Below is a listing with pictures. Repeat exactly the lines starting at the one holding "Phoenix Retreat - 2" and going on through the one holding "New 2025 Alfa Romeo Tonale image 11", and leave every picture out.

§ **Record set**:
%%

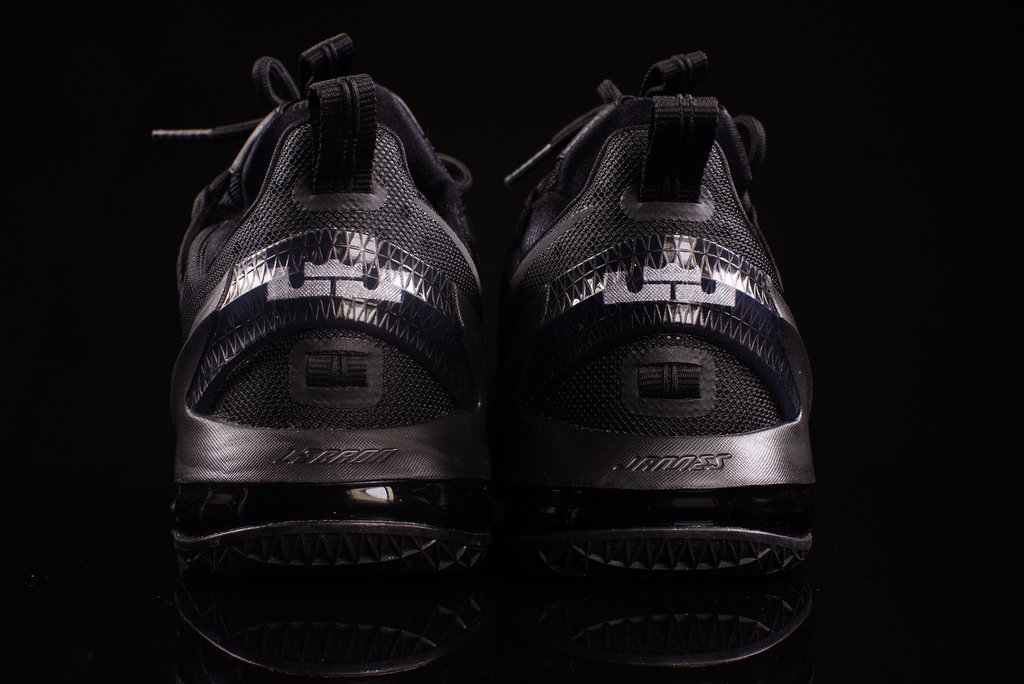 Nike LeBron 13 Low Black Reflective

%%
%%

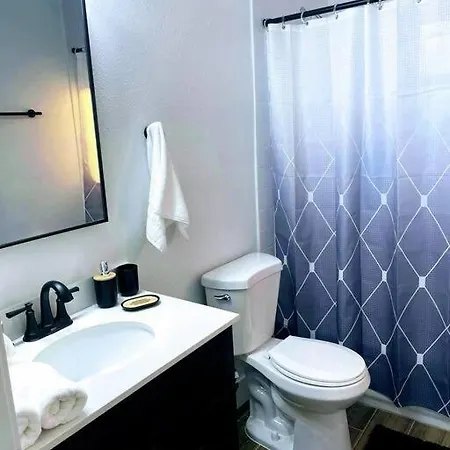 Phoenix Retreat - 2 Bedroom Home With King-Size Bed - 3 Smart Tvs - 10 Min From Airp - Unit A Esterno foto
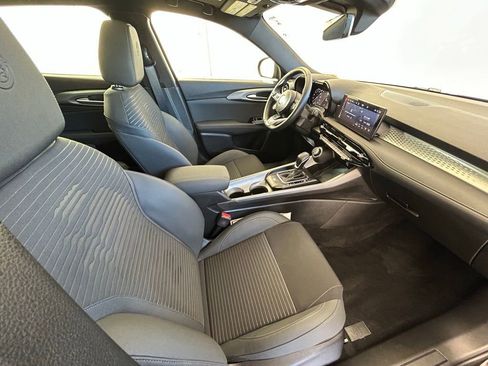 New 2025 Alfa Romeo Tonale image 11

%%

§ **Solution below**:
 Phoenix Retreat - 2 Bedroom Home With King-Size Bed - 3 Smart Tvs - 10 Min From Airp - Unit A Esterno foto
 New 2025 Alfa Romeo Tonale image 11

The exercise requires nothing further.